Magnetic field and magnetic induction spatial distribution and stress-magnetic variation models of natural gas pipelines magnetized

Abstract

This study investigates the numerical relationship between the magnetic properties of pipeline steel and the stress-magnetic induction in natural gas pipelines through magnetic simulation and experimental research, based on multi-physical field coupling. A finite-element models for magnetomechanical interactions in natural gas pipelines, constructed from steel grades X52, X56, X60, X65, X70, and X80, was developed utilizing COMSOL Multiphysics software.
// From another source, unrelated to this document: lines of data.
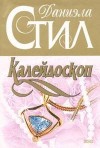 Стил Даниэла - Калейдоскоп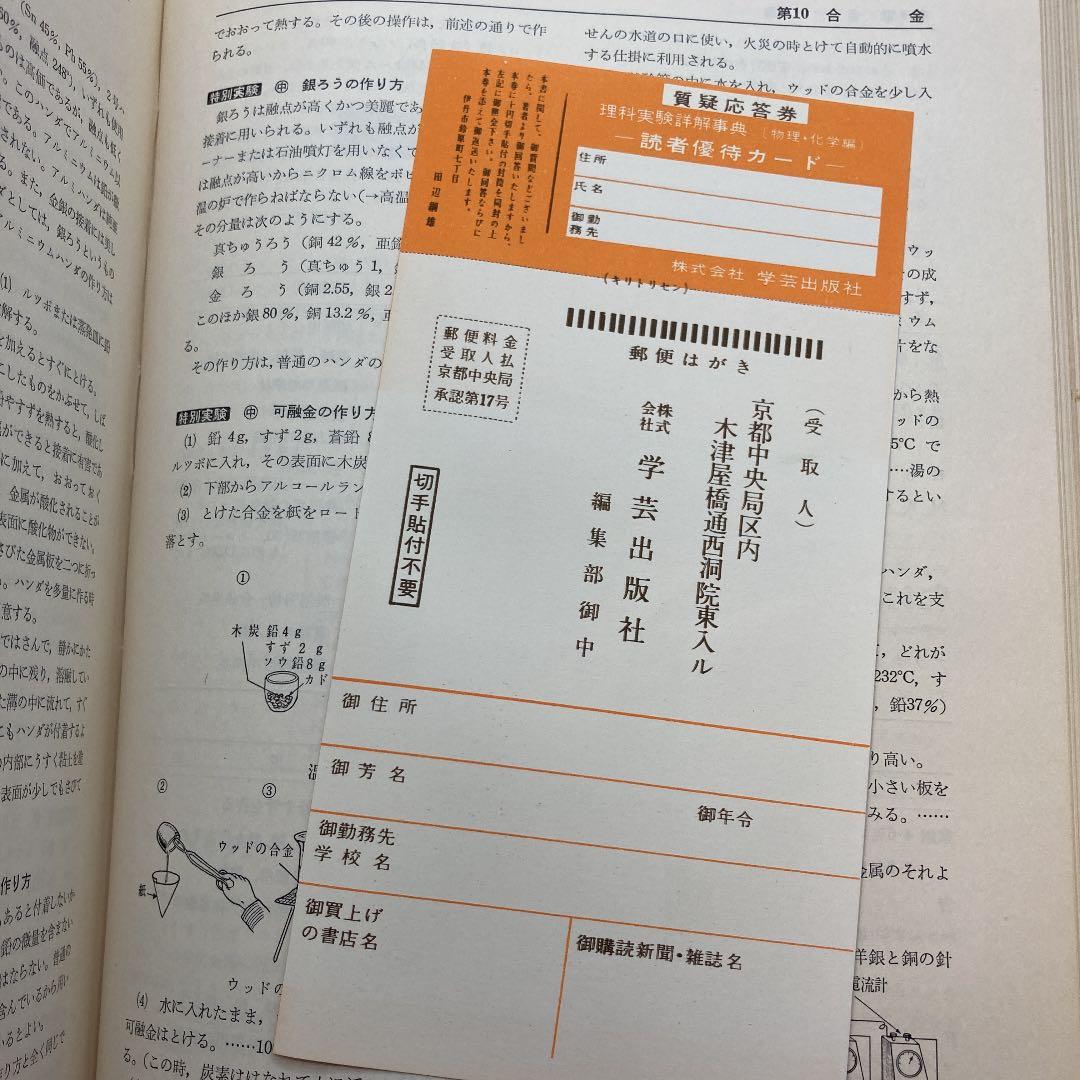 理科実験　詳解事典　学芸出版社　田辺綱雄　橋岡信一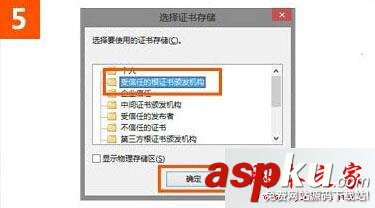 win10,IE浏览器,12306.cn,安全证书错误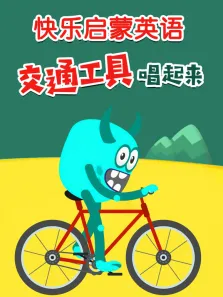 快乐启蒙英语 交通工具唱起来动漫海报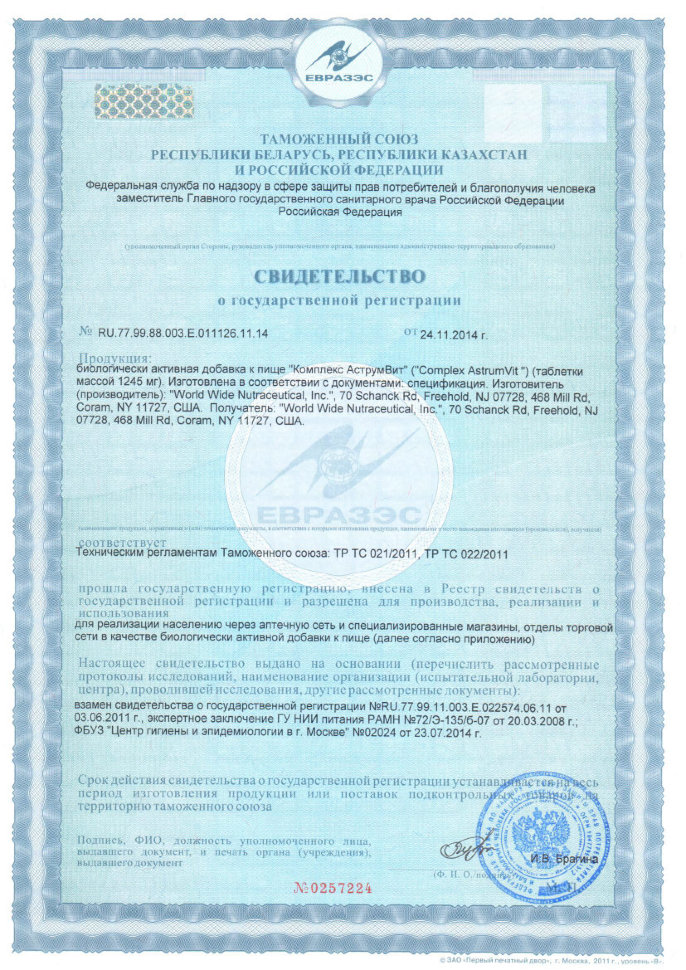 Astrum АструмВит (витамины и минералы) 45 таблеток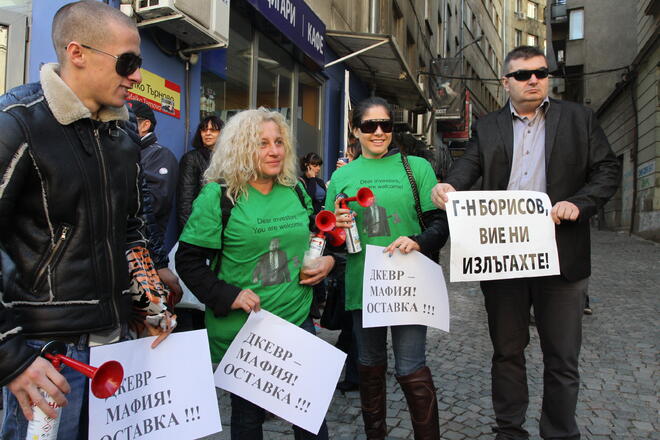 Производителите на ток от ВЕИ протестираха за пореден път пред ДКЕВР днес.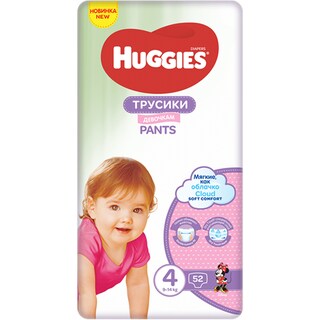 Huggies | Scutece chilotel pentru fete, marimea 4, 9-14 kg, 52 buc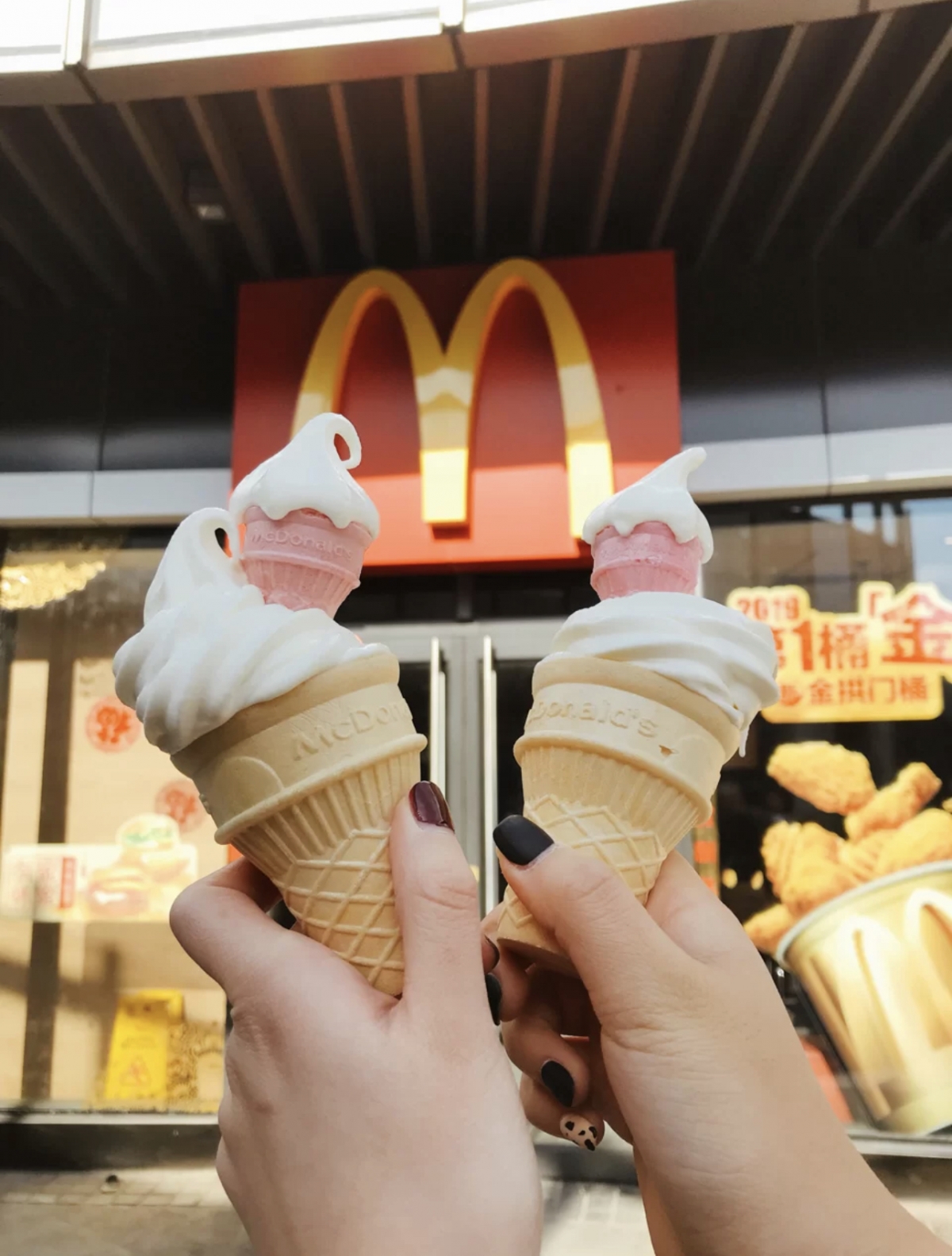 中國麥當勞「迷你蛋捲冰淇淋」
The simulations were conducted under seven different internal pressures (0 MPa, 2 MPa, 4 MPa, 6 MPa, 8 MPa, 10 MPa, and 12 MPa) and three pipe diameters (300 mm, 406 mm, and 670 mm). These simulations facilitate the analysis of magnetic field and magnetic induction distributions within the spatial area of the pipelines. The study also examined the technical parameters for magnetization saturation across the various steel grades. A numerical relationship curve of stress and magnetic induction relative to pipeline length, termed the σB-L curve, was established. The reliability of the simulation results and the numerical model was validated using pipelines made from X80 and X70 steel grades. The findings confirm that the characteristics of the saturated magnetic field distribution and magnetic induction in natural gas pipelines are consistent across different steel grades. A consistent linear relationship exists between the peak internal pressure of the pipeline and the magnetic flux density. Additionally, under locally uniform magnetic fields, the trends in stress and magnetic induction density changes are parallel both along the length and across the cross-sectional direction of the pipeline. The σB-L curve accurately represents the magnetic coupling relationship. Experimental validation indicated that the σB-L curve derived from the numerical simulations provides high accuracy in assessing the magnetic-coupling stress, with a maximum error of less than 5%. This establishes a reliable theoretical basis for non-destructive, online stress detection in operational natural gas pipelines.